All week I’ve been feeling nostalgic and reflective. There isn’t any one reason, but maybe several: my daughter is fast becoming a teenager; many readers have been emailing me about Both Sides Now, sharing their own stories of loss and love and living; I’ve finally completed my children’s book The Sky Is Everywhere (and with that accomplishment there is always a letting go and period of uncertainty); and yes, it’s coming up on my first wedding anniversary.

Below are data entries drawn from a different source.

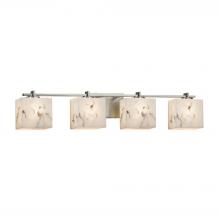 Justice Design Group FAL-8444-55-NCKL - Era 4-Light Bath Bar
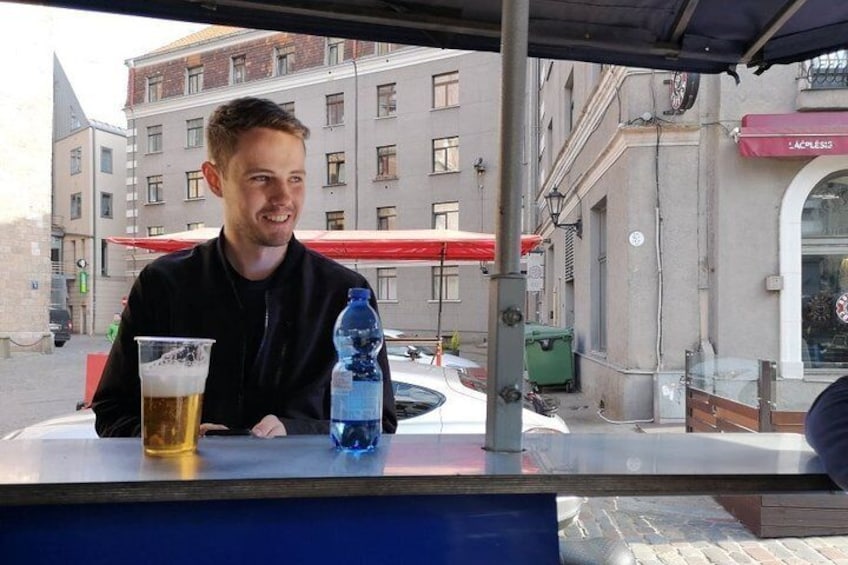 Private One Hour Riga Beer Bike Tour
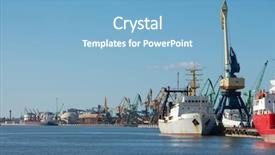  Presentation with dock - Cool new presentation with ships in an industrial dock backdrop and a  colored foreground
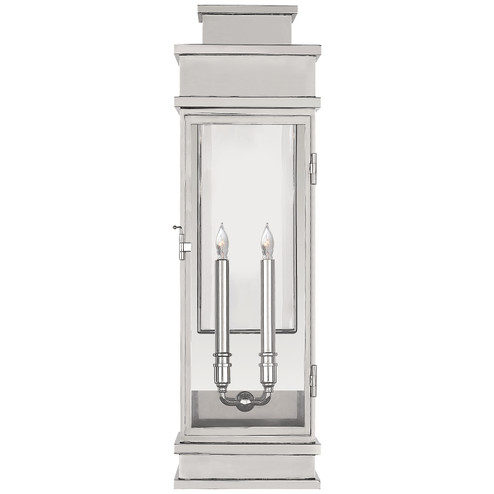 Linear Lantern Two Light Wall Lantern in Polished Nickel (268|CHD 2911PN-CG)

With all these feelings swirling in my head and heart, I decided to make wontons. Baking bread is always healing, and yet I wasn’t in the mood for a mess of flour. Still, I needed to make something with my hands, something complete and whole. Nothing too ambitious mind you, just one tray of wontons to accompany tonight’s dinner. Just because…

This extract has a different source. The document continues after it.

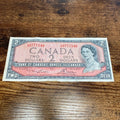 Vintage Bank of Canada Two Dollar Note Banknote Collectible Currency Money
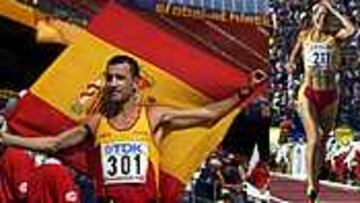 Los dos españoles que ayer lograron una medalla de plata: García Bragado y Marta Domínguez.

I had no recipe. I just dug through my refrigerator and freezer and selected spicy chicken sausage, a green bell pepper, scallions, fresh ginger and garlic. Easy and aromatic.

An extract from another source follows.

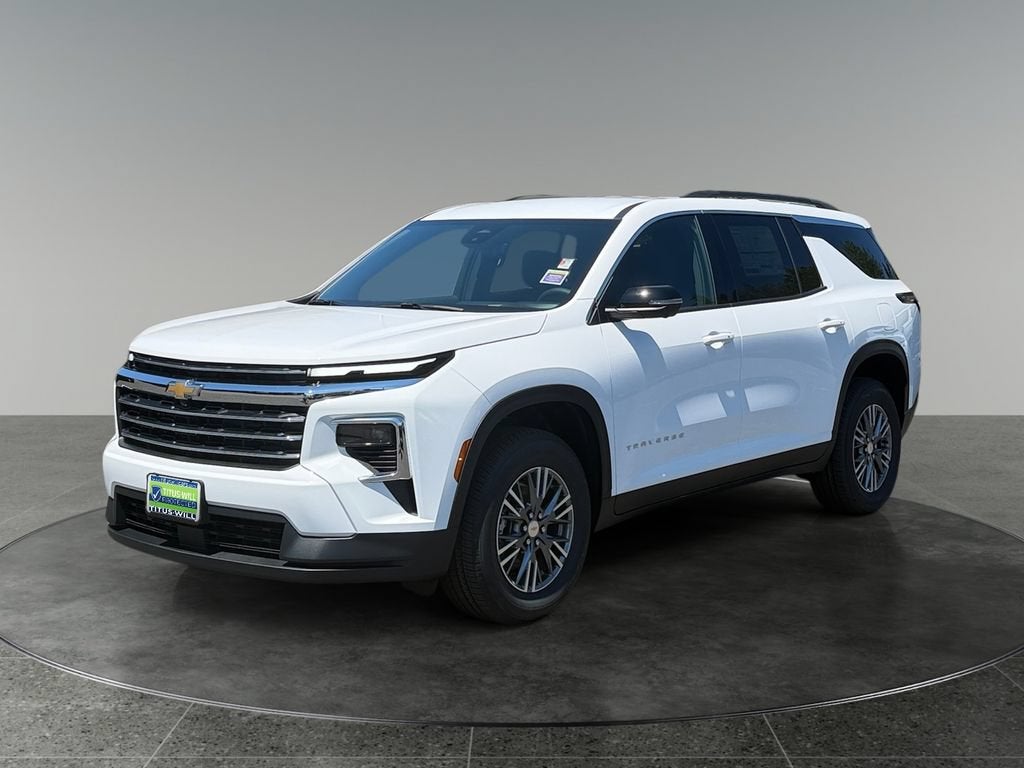 2026 Chevrolet Traverse — rear three-quarter view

A meditative half hour ensued with me sautéing the ingredients and then lightly pressing a half-teaspoon-size portion onto each wonton skin. One by one I filled, shaped, and pressed each wonton with water to make a seal. Random thoughts came to me as I did so, like the time our friend in Manhattan, a chef, demonstrated the art of making homemade ravioli. This was pre-kids, so together we spent a delicious afternoon rolling dough, sautéing meat and pinching raviolis. I remember how fine they tasted. I remember the laughter that filled the kitchen.
Just like that I am back in time. And yet here I stand in my kitchen of today with a new family in a different home, different state, altogether different life.
Here is my recipe for Spicy Chicken Sausage Wontons
2 spicy chicken sausages, casings removed
1/2 green bell pepper
3/4 tsp. fresh ginger
1/2 tsp. garlic
Soy Sauce with ginger and scallion for the dipping sauce
I was curious about how best to cook the wontons. I don’t have a fryer but I put half the batch in roughly 1/4″ oil. I cooked them three minutes on each side before placing them on paper towels to absorb the excess oil.
The other half of the wontons I steamed.
Both were delicious in their own right. As they ought to be.